Section 25100 of the Corporations Code is amended to read:

25100.  

The following securities are exempted from Sections 25110, 25120, and 25130:

(a) Any security (including a revenue obligation) issued or guaranteed by the United States, any state, any city, county, city and county, public district, public authority, public corporation, public entity, or political subdivision of a state or any agency or corporate or other instrumentality of any one or more of the foregoing; or any certificate of deposit for any of the foregoing.

(b) Any security issued or guaranteed by Canada, any Canadian province, any political subdivision or municipality of that province, or by any other foreign government with which the United States currently maintains diplomatic relations, if the security is recognized as a valid obligation by the issuer or guarantor; or any certificate of deposit for any of the foregoing.

(c) Any security issued or guaranteed by and representing an interest in or a direct obligation of a national bank or a bank or trust company incorporated under the laws of this state, and any security issued by a bank to one or more other banks and representing an interest in an asset of the issuing bank.

(d) Any security issued or guaranteed by a federal savings association or federal savings bank or federal land bank or joint land bank or national farm loan association or by any savings association, as defined in subdivision (a) of Section 5102 of the Financial Code, which is subject to the supervision and regulation of the Commissioner of Business Oversight of this state.

(e) Any security (other than an interest in all or portions of a parcel or parcels of real property which are subdivided land or a subdivision or in a real estate development), the issuance of which is subject to authorization by the Insurance Commissioner, the Public Utilities Commission, or the Real Estate Commissioner of this state.

(f) Any security consisting of any interest in all or portions of a parcel or parcels of real property that are subdivided lands or a subdivision or in a real estate development; provided that the exemption in this subdivision shall not be applicable to: (1) any investment contract sold or offered for sale with, or as part of, that interest, or (2) any person engaged in the business of selling, distributing, or supplying water for irrigation purposes or domestic use that is not a public utility except that the exemption is applicable to any security of a mutual water company (other than an investment contract as described in paragraph (1)) offered or sold in connection with subdivided lands pursuant to Chapter 2 (commencing with Section 14310) of Part 7 of Division 3 of Title 1.

(g) Any mutual capital certificates or savings accounts, as defined in the Savings Association Law, issued by a savings association, as defined by subdivision (a) of Section 5102 of the Financial Code, and holding a license or certificate of authority then in force from the Commissioner of Business Oversight of this state.

(h) Any security issued or guaranteed by any federal credit union, or by any credit union organized and supervised, or regulated, under the Credit Union Law.

(i) Any security issued or guaranteed by any railroad, other common carrier, public utility, or public utility holding company which is (1) subject to the jurisdiction of the Interstate Commerce Commission or its successor or (2) a holding company registered with the Securities and Exchange Commission under the Public Utility Holding Company Act of 1935 or a subsidiary of that company within the meaning of that act or (3) regulated in respect of the issuance or guarantee of the security by a governmental authority of the United States, of any state, of Canada or of any Canadian province; and the security is subject to registration with or authorization of issuance by that authority.

(j) Any security (except evidences of indebtedness, whether interest bearing or not) of an issuer (1) organized exclusively for educational, benevolent, fraternal, religious, charitable, social, or reformatory purposes and not for pecuniary profit, if no part of the net earnings of the issuer inures to the benefit of any private shareholder or individual, or (2) organized as a chamber of commerce or trade or professional association.

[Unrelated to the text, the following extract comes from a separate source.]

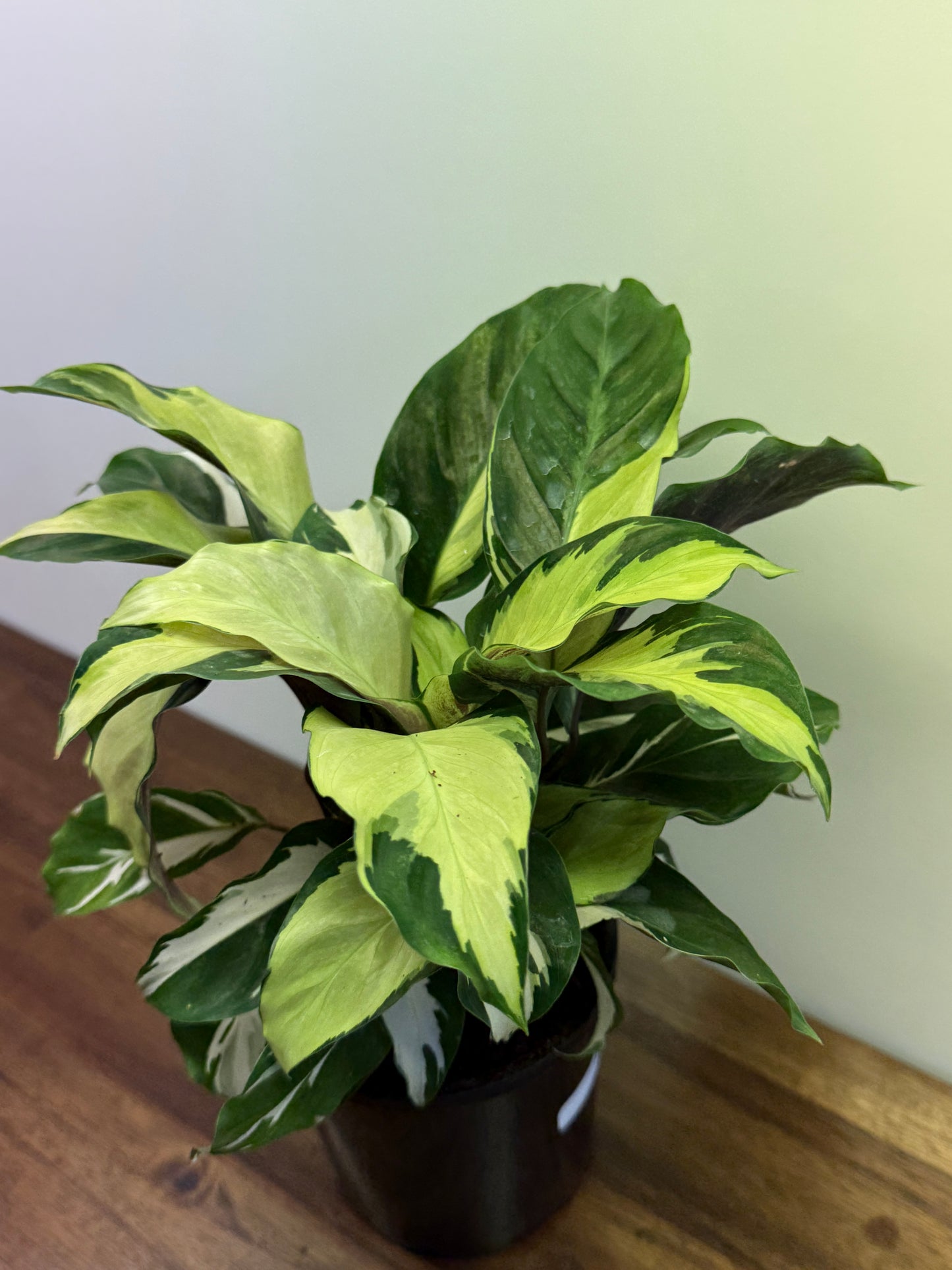 Calathea Thai Beauty Hybrid N1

The fact that amounts received from memberships or dues or both will or may be used to construct or otherwise acquire facilities for use by members of the nonprofit organization does not disqualify the organization for this exemption. This exemption does not apply to the securities of any nonprofit organization if any promoter thereof expects or intends to make a profit directly or indirectly from any business or activity associated with the organization or operation of that nonprofit organization or from remuneration received from that nonprofit organization.

(k) Any agreement, commonly known as a “life income contract,” of an issuer (1) organized exclusively for educational, benevolent, fraternal, religious, charitable, social, or reformatory purposes and not for pecuniary profit and (2) which the commissioner designates by rule or order, with a donor in consideration of a donation of property to that issuer and providing for the payment to the donor or persons designated by him or her of income or specified periodic payments from the donated property or other property for the life of the donor or those other persons.

(l) Any note, draft, bill of exchange, or banker’s acceptance which is freely transferable and of prime quality, arises out of a current transaction or the proceeds of which have been or are to be used for current transactions, and which evidences an obligation to pay cash within nine months of the date of issuance, exclusive of days of grace, or any renewal of that paper which is likewise limited, or any guarantee of that paper or of that renewal, provided that the paper is not offered to the public in amounts of less than twenty-five thousand dollars ($25,000) in the aggregate to any one purchaser. In addition, the commissioner may, by rule or order, exempt any issuer of any notes, drafts, bills of exchange or banker’s acceptances from qualification of those securities when the commissioner finds that the qualification is not necessary or appropriate in the public interest or for the protection of investors.

(m) Any security issued by any corporation organized and existing under the provisions of Chapter 1 (commencing with Section 54001) of Division 20 of the Food and Agricultural Code.

(n) Any beneficial interest in an employees’ pension, profit-sharing, stock bonus, or similar benefit plan which meets the requirements for qualification under Section 401 of the federal Internal Revenue Code or any statute amendatory thereof or supplementary thereto. A determination letter from the Internal Revenue Service stating that an employees’ pension, profit-sharing, stock bonus, or similar benefit plan meets those requirements shall be conclusive evidence that the plan is an employees’ pension, profit-sharing, stock bonus, or similar benefit plan within the meaning of the first sentence of this subdivision until the date the determination letter is revoked in writing by the Internal Revenue Service, regardless of whether or not the revocation is retroactive.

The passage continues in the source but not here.